What to produce
In full and without alteration, output each record given here.
(Exercise input)
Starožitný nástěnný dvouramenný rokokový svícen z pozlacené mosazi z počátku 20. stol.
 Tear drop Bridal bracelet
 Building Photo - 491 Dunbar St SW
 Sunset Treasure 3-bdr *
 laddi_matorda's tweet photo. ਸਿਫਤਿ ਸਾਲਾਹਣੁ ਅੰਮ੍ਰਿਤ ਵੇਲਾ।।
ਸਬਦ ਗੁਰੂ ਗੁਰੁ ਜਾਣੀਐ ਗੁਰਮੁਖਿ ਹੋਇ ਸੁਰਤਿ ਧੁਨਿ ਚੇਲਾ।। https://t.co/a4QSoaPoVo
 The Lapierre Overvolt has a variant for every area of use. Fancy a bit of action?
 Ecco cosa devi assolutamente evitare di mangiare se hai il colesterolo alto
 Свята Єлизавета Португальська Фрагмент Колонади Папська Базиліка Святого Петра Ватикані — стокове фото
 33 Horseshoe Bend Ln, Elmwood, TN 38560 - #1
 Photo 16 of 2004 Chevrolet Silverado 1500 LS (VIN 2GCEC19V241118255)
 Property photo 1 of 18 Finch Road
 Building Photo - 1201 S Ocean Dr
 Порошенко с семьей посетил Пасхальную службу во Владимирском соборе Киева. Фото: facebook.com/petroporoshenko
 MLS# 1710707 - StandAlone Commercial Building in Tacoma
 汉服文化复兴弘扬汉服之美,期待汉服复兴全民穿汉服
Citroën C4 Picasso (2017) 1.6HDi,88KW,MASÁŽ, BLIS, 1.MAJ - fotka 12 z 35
(End Exercise input)
Expected answer
Starožitný nástěnný dvouramenný rokokový svícen z pozlacené mosazi z počátku 20. stol.
 Tear drop Bridal bracelet
 Building Photo - 491 Dunbar St SW
 Sunset Treasure 3-bdr *
 laddi_matorda's tweet photo. ਸਿਫਤਿ ਸਾਲਾਹਣੁ ਅੰਮ੍ਰਿਤ ਵੇਲਾ।।
ਸਬਦ ਗੁਰੂ ਗੁਰੁ ਜਾਣੀਐ ਗੁਰਮੁਖਿ ਹੋਇ ਸੁਰਤਿ ਧੁਨਿ ਚੇਲਾ।। https://t.co/a4QSoaPoVo
 The Lapierre Overvolt has a variant for every area of use. Fancy a bit of action?
 Ecco cosa devi assolutamente evitare di mangiare se hai il colesterolo alto
 Свята Єлизавета Португальська Фрагмент Колонади Папська Базиліка Святого Петра Ватикані — стокове фото
 33 Horseshoe Bend Ln, Elmwood, TN 38560 - #1
 Photo 16 of 2004 Chevrolet Silverado 1500 LS (VIN 2GCEC19V241118255)
 Property photo 1 of 18 Finch Road
 Building Photo - 1201 S Ocean Dr
 Порошенко с семьей посетил Пасхальную службу во Владимирском соборе Киева. Фото: facebook.com/petroporoshenko
 MLS# 1710707 - StandAlone Commercial Building in Tacoma
 汉服文化复兴弘扬汉服之美,期待汉服复兴全民穿汉服
Citroën C4 Picasso (2017) 1.6HDi,88KW,MASÁŽ, BLIS, 1.MAJ - fotka 12 z 35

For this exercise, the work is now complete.